But none of that ad hoc "analysis" proved conclusive.

Yes, Hurricane Katrina revealed swearing, crying and stupefied public officials at all levels. Their initial paralysis may have endangered some lives.

But the media's coverage turned out to be almost as disturbing as natural calamity and initial bureaucratic ineptness — in both the falsehood it spread and the truth it ignored. Political commentators proved more disturbing, seeking to turn death to partisan advantage.

The public was given few facts about what really happened among those trapped, especially the human mayhem that took place. Most would appreciate evidence before sweeping cultural analysis of half-reported stories that were not followed up because they were either untrue or politically incorrect.

Did hundreds of New Orleans' police — so unlike their New York 9/11 counterparts —really walk off the job or never report for duty amid the crisis?

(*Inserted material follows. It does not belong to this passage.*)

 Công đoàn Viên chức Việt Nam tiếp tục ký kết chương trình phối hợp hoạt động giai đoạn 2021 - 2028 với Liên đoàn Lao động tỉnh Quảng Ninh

Did law enforcement often allow the stubborn to stay behind and then ignore looters at the height of the peril — only later to evict survivors trying to rebuild when the waters receded?

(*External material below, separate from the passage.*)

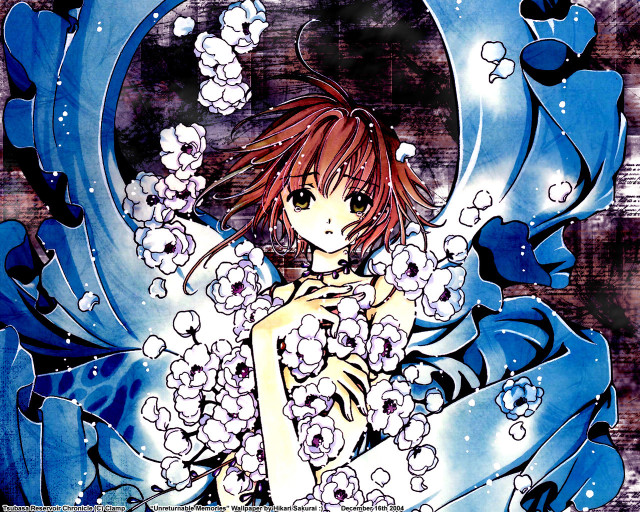 Redhair blueDress flower underwater manga free wallpaper for desktop - medium preview image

Did looters (in search of food or clothing?) really attempt to vandalize the national shrine of the D-Day Museum that survived the flood waters?

And too many of the hysterical pronouncements of ill-informed officials were reported as gospel truth — and then forgotten — in 24-hour bursts. So "25,000 body bags!" and "10,000 dead" beneath the muck of a submerged city were quietly superseded by the matter-of-fact news reports that the airport would open shortly.

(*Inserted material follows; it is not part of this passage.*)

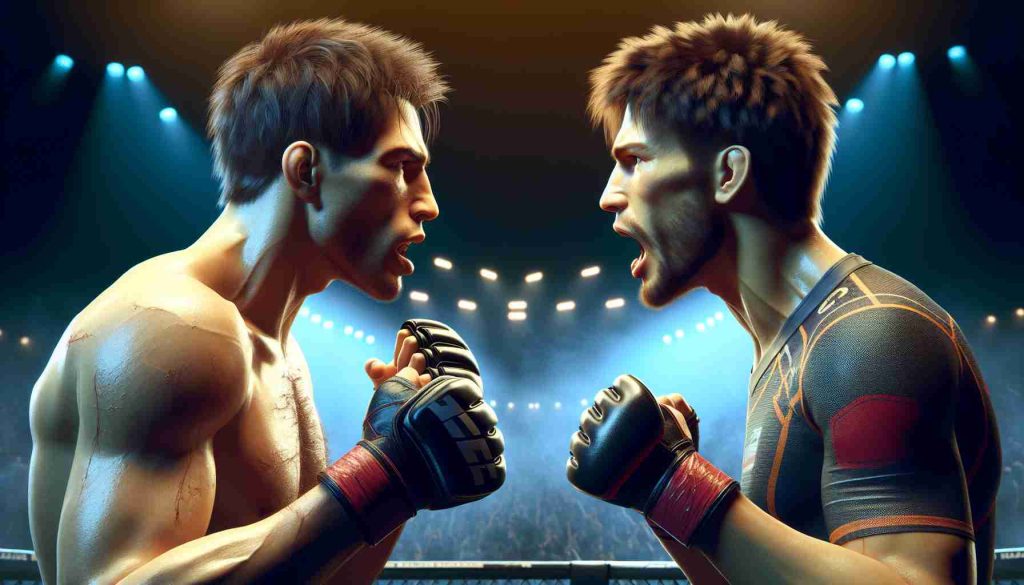 A realistic high-definition representation of intense rivalry in the world of professional mixed martial arts. Two unnamed competitors are exchanging fierce words over someone's departure from an unnamed international fight organization. The atmosphere is imbued with tension and competitive spirit.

Now we are also told that Mardi Gras may be back on schedule. How could such radical improvement happen at ground zero in a city of corpses that supposedly would not recover for decades?

Most people concluded on their own, without help from any talking heads, that one of the worst natural disasters in American history had at first stunned local, state and federal governments, brought out the worst in Louisiana politics and incited a criminal element.

But soon even the ill-prepared mayor of New Orleans and the green director of FEMA found themselves with untold resources at their disposal in a way that was not true of the far greater tolls of recent catastrophes elsewhere. Do we remember France, where 15,000 neglected elderly died without air conditioning (August 2003); or the earthquake at Bam, Iran (December 2003), where 40,000 were crushed, often in substandard housing; or the over 200,000 Southeast Asians (December 2004) who drowned or were buried without warning from an unmonitored tsunami?

New Orleans also exposed the misery of a large underclass in need of attention from the rest of America — and of radical self-introspection.

Reporters' clichés about "racist" America were often at odds with the evidence of their own film footage. Black and white pulled together in Mississippi and thus avoided social chaos. Billions in aid, both private and public, poured into New Orleans from Americans worried sick over their fellow citizens, regardless of race.

After the initial shock, that enormous relief effort turned real catastrophe into salvation: levees patched, thousands of troops on the street, tens of thousands bussed and flown to safe quarters across the country.

But New Orleans also confirmed how a 24/7, hyper media create and then deflate controversies of the day, from the Aruba embarrassment to Cindy Sheehan's circus....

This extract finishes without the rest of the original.